Information provided.
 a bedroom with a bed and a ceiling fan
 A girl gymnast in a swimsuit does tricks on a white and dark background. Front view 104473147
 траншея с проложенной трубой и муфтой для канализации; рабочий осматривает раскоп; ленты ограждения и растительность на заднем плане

* * *

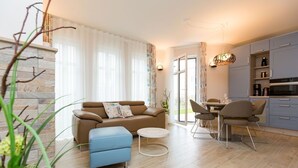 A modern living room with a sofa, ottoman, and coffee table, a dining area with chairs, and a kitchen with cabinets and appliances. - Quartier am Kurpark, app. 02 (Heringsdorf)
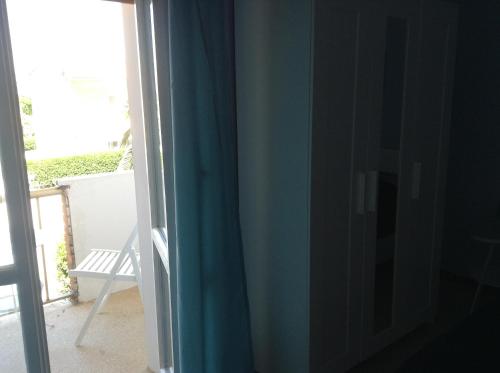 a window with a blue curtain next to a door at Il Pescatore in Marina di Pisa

Exercise.
Output should match, line for line, the stretch of the material above from the line holding "a bedroom with a bed and a ceiling fan" through the line holding "траншея с проложенной".

Written response.
 a bedroom with a bed and a ceiling fan
 A girl gymnast in a swimsuit does tricks on a white and dark background. Front view 104473147
 траншея с проложенной трубой и муфтой для канализации; рабочий осматривает раскоп; ленты ограждения и растительность на заднем плане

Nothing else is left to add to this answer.